▶ **Exercise**: Each record is to be copied exactly, with its pictures left behind.

▶ **Extracted information**:
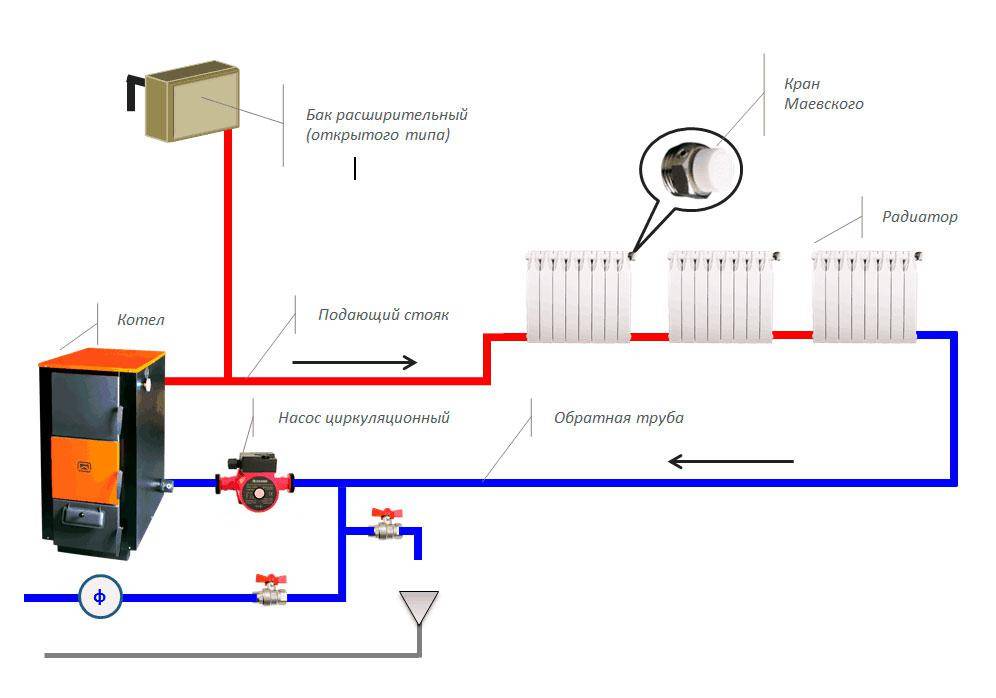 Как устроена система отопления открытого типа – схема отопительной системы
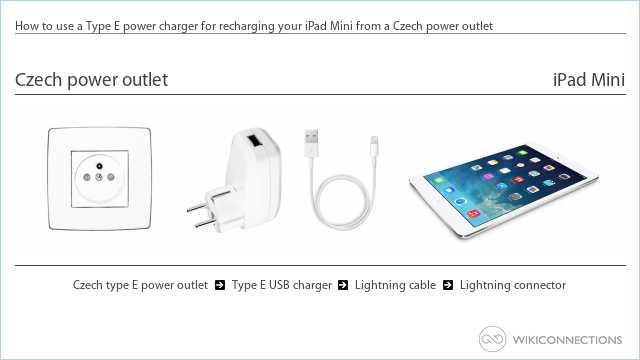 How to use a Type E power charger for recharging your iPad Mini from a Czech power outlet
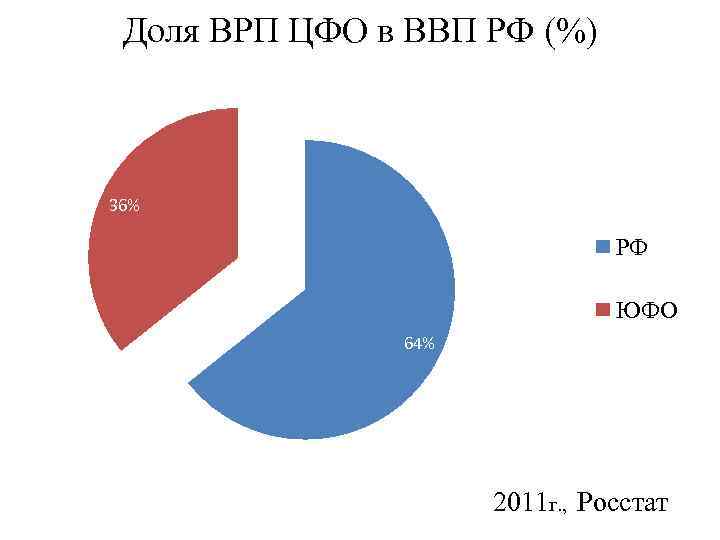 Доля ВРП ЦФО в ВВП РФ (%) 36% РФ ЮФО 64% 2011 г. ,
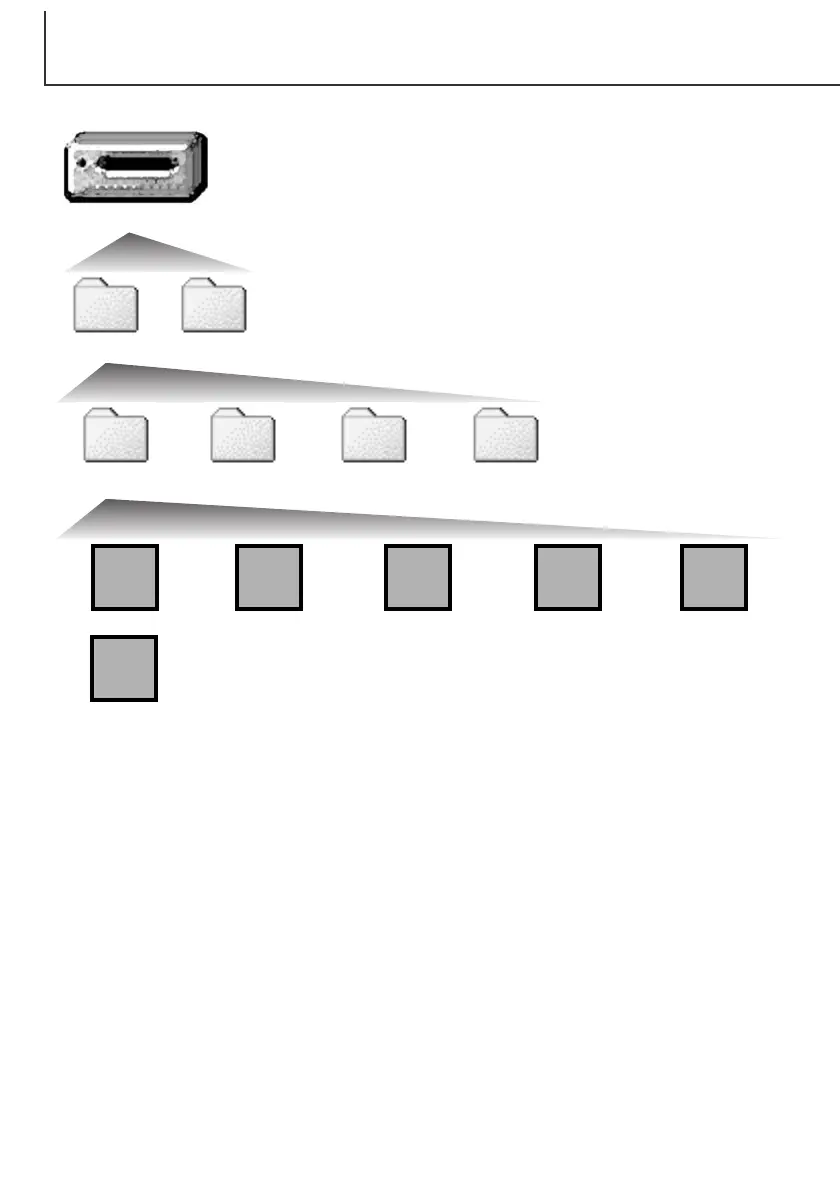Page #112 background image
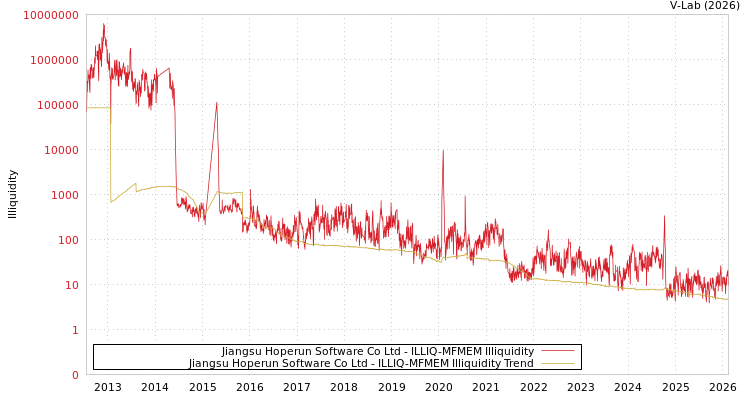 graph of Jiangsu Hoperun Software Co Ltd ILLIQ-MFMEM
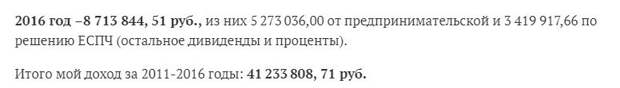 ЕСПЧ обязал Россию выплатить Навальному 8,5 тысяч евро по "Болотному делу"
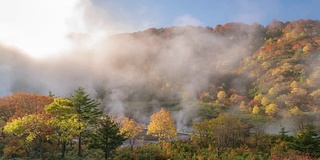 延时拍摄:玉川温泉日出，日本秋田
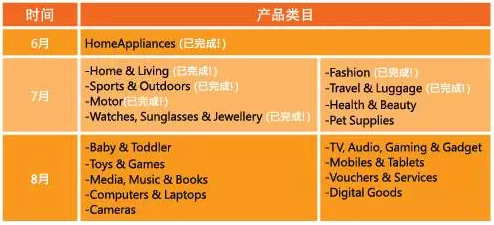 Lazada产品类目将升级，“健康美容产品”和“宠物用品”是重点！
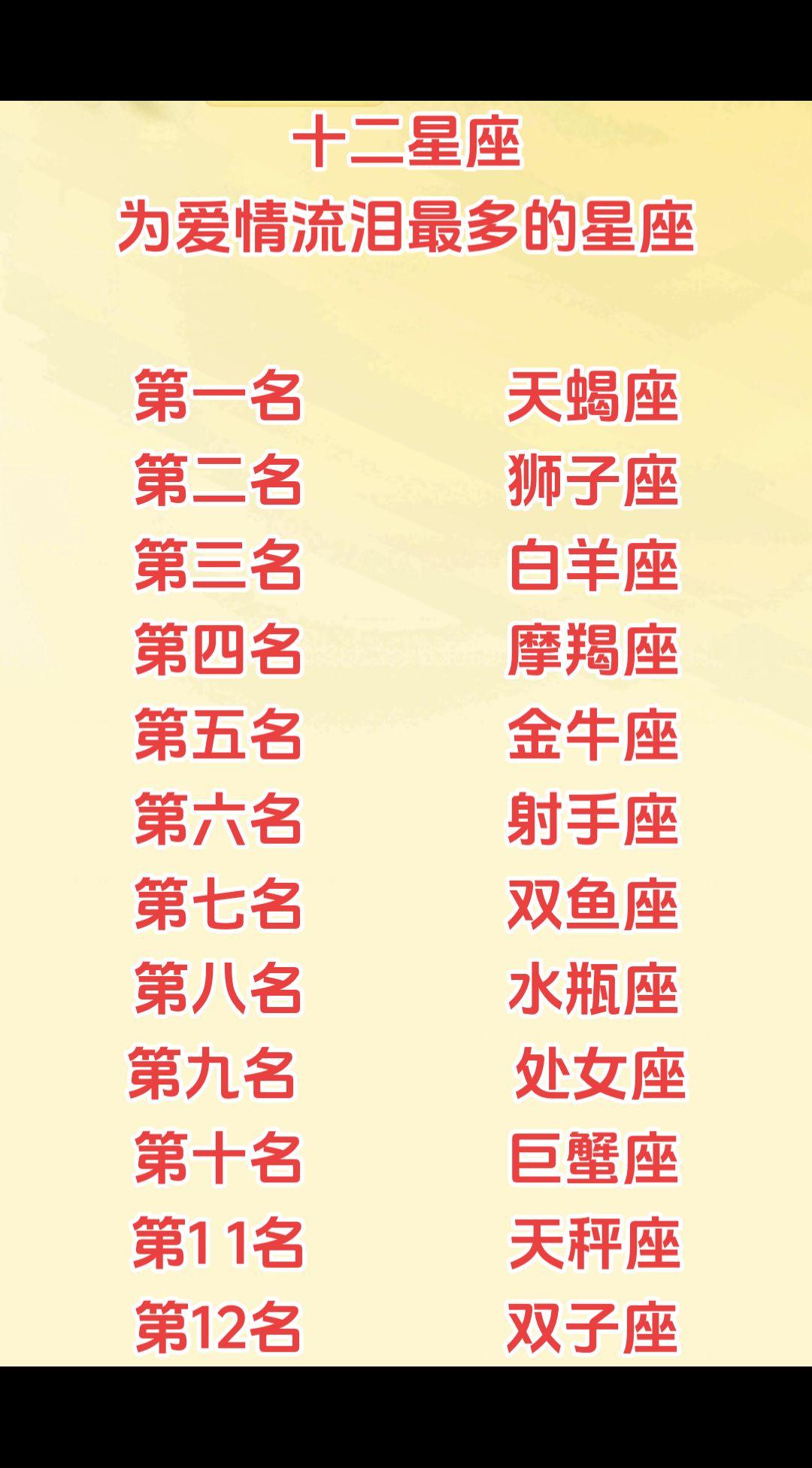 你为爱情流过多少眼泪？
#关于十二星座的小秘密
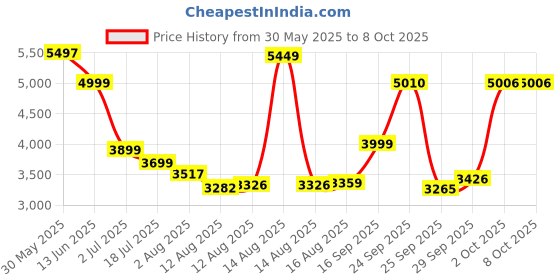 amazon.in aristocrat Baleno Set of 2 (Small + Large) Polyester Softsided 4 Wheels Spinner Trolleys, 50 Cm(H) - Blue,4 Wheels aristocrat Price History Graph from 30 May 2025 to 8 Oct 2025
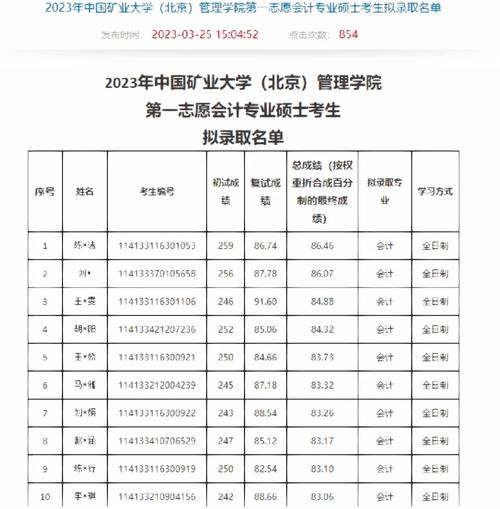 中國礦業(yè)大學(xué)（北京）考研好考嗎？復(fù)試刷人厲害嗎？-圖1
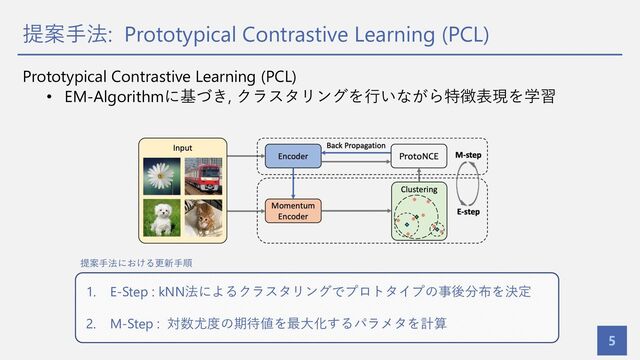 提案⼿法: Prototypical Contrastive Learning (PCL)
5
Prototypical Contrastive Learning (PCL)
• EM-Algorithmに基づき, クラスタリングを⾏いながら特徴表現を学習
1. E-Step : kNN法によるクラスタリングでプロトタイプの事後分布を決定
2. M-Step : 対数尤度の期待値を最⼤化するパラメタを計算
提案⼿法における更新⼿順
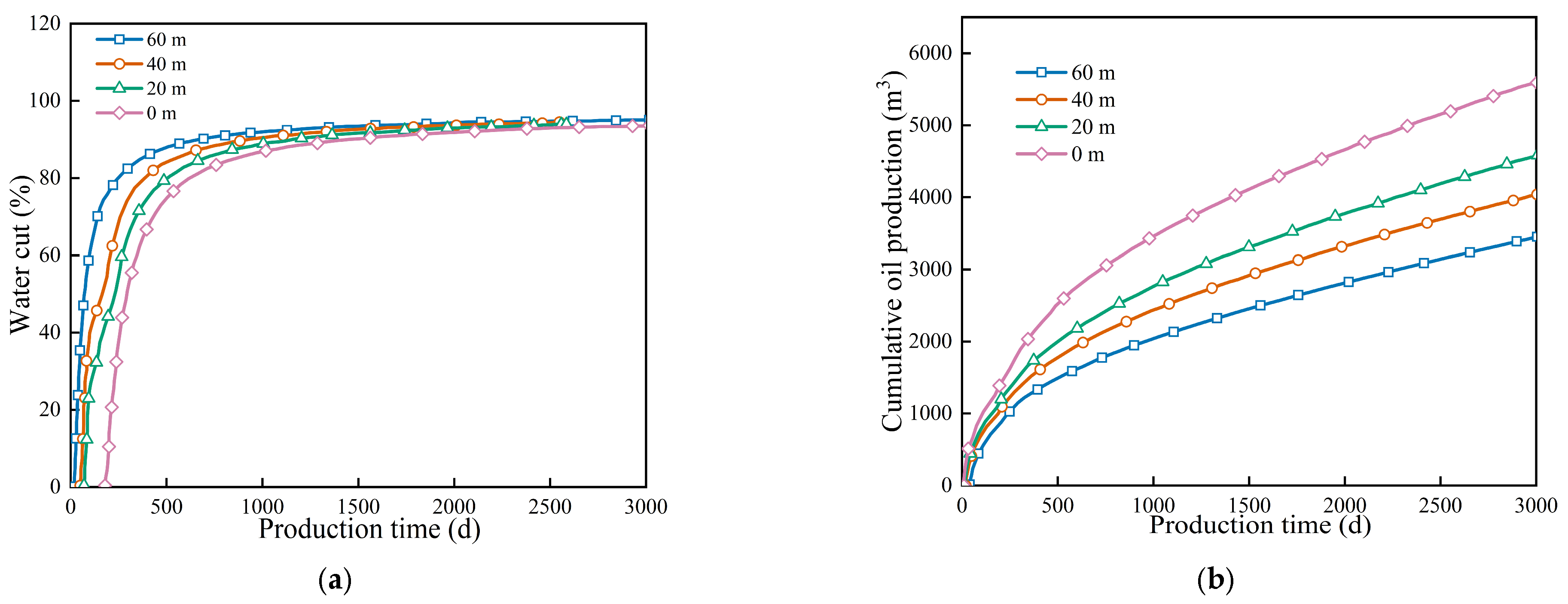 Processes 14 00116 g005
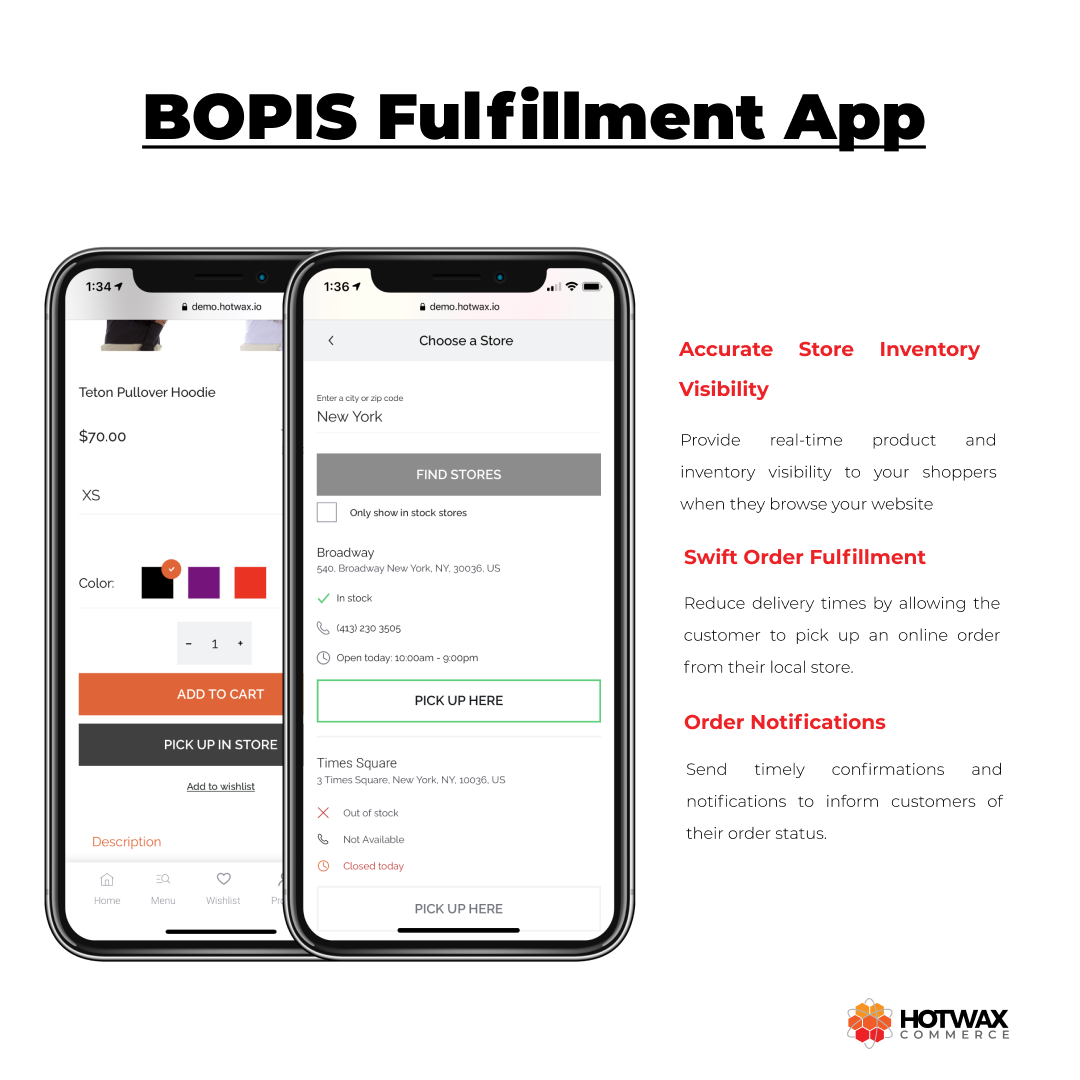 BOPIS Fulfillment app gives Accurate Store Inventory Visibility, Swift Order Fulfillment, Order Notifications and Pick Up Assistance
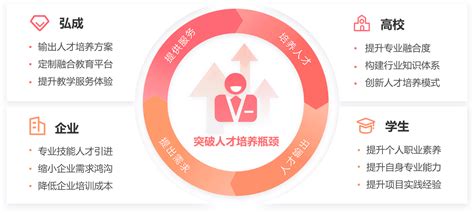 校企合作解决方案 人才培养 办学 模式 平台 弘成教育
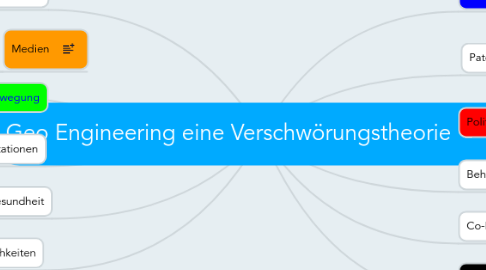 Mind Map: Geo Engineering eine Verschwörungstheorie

▶ **Task result**:
 Как устроена система отопления открытого типа – схема отопительной системы
 How to use a Type E power charger for recharging your iPad Mini from a Czech power outlet
 Доля ВРП ЦФО в ВВП РФ (%) 36% РФ ЮФО 64% 2011 г. ,
Page #112 background image
 graph of Jiangsu Hoperun Software Co Ltd ILLIQ-MFMEM
 ЕСПЧ обязал Россию выплатить Навальному 8,5 тысяч евро по "Болотному делу"
 延时拍摄:玉川温泉日出，日本秋田
 Lazada产品类目将升级，“健康美容产品”和“宠物用品”是重点！
 你为爱情流过多少眼泪？
#关于十二星座的小秘密
 amazon.in aristocrat Baleno Set of 2 (Small + Large) Polyester Softsided 4 Wheels Spinner Trolleys, 50 Cm(H) - Blue,4 Wheels aristocrat Price History Graph from 30 May 2025 to 8 Oct 2025
 中國礦業(yè)大學(xué)（北京）考研好考嗎？復(fù)試刷人厲害嗎？-圖1
 提案⼿法: Prototypical Contrastive Learning (PCL)
5
Prototypical Contrastive Learning (PCL)
• EM-Algorithmに基づき, クラスタリングを⾏いながら特徴表現を学習
1. E-Step : kNN法によるクラスタリングでプロトタイプの事後分布を決定
2. M-Step : 対数尤度の期待値を最⼤化するパラメタを計算
提案⼿法における更新⼿順
 Processes 14 00116 g005
 BOPIS Fulfillment app gives Accurate Store Inventory Visibility, Swift Order Fulfillment, Order Notifications and Pick Up Assistance
 校企合作解决方案 人才培养 办学 模式 平台 弘成教育
 Mind Map: Geo Engineering eine Verschwörungstheorie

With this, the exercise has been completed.